# 2008 Altima - Clunking noise on start up



## Lemach (May 20, 2014)

I have a 2.5s '08 Altima. When I start it up it makes this clunking/rattling noise for a few seconds. I'm going to take it to the base garage this weekend to throw it up on a lift and look around, but any suggestions for what I should be looking for?


----------



## jaredbonner1 (Aug 31, 2016)

Hey, I have the same problem with mine. Did you find a fix?


----------



## Car guy (Mar 31, 2016)

Did you guys check your front exhaust piping and shields? They are known for welds breaking and shields breaking, making rattling noise. Mesh screens deteriorate and fall off also.


----------



## jaredbonner1 (Aug 31, 2016)

Car guy said:


> Did you guys check your front exhaust piping and shields? They are known for welds breaking and shields breaking, making rattling noise. Mesh screens deteriorate and fall off also.

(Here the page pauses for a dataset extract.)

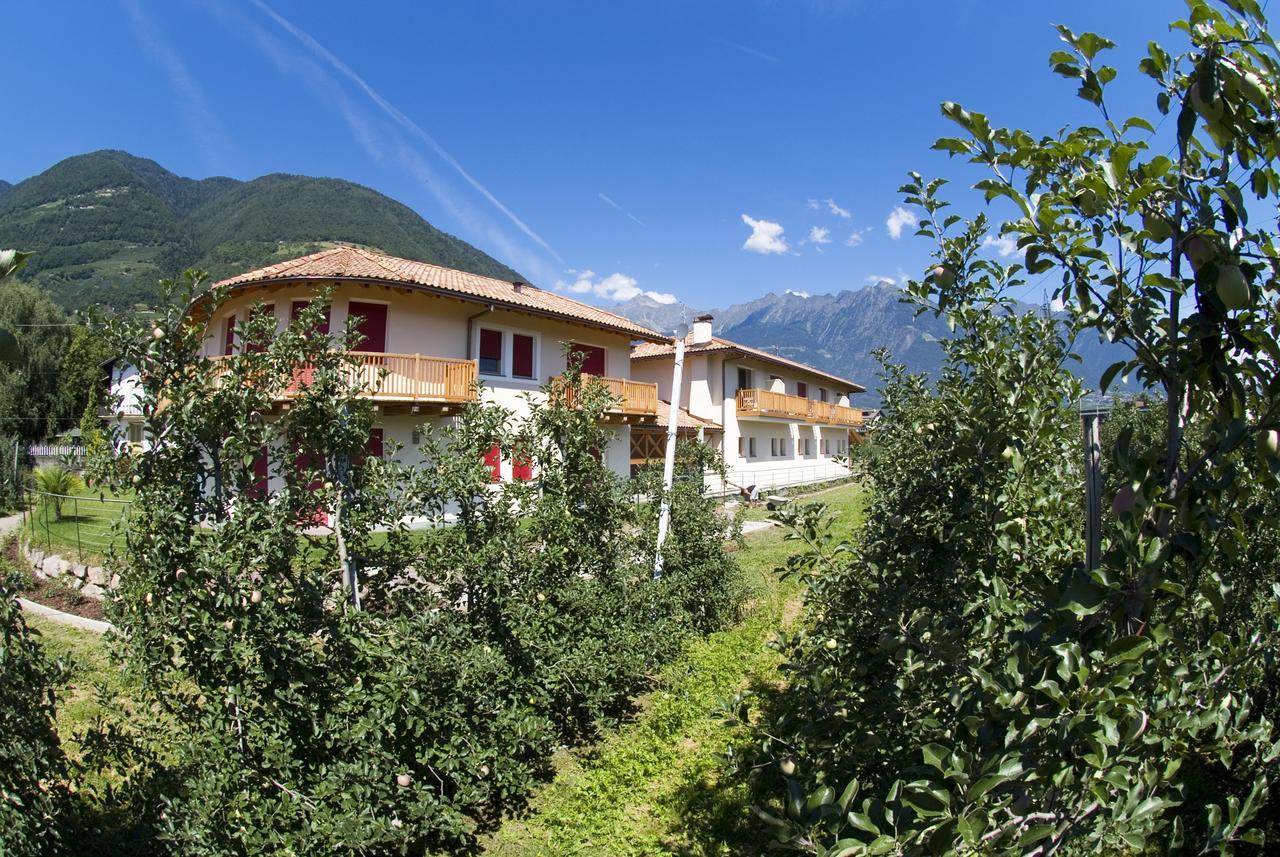 Apartamento Ansitz Waldner Oberwirt Marlengo Exterior foto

That's a good idea but it only happens on start up. I can match where the revs were and the noise isn't there. We though it might be something transmission related but I'm really not sure


----------



## Car guy (Mar 31, 2016)

jaredbonner1 said:


> That's a good idea but it only happens on start up. I can match where the revs were and the noise isn't there. We though it might be something transmission related but I'm really not sure


Can you get an ear near the torque converter/oil pump during the start-up or the bottom of the engine under the oil pan, to try to directionalize the sourcing location?

Also, I presume it only happens when the engine is cold (starting) (not hot re-starting). Is that right? Don't want to belabor the exhaust thought, but cold start = higher rpm WITH cold metal, whereas subsequent rev matching absent noise, metal would be warm or then hot.

Any chance you can post an audio or a/video clip of sound?


----------



## rogoman (Dec 16, 2004)

It could be the alternator bearing or the water pump bearing going bad. An easy way to check that is to temporarily remove the belt and start the engine up and listen for the noise.


----------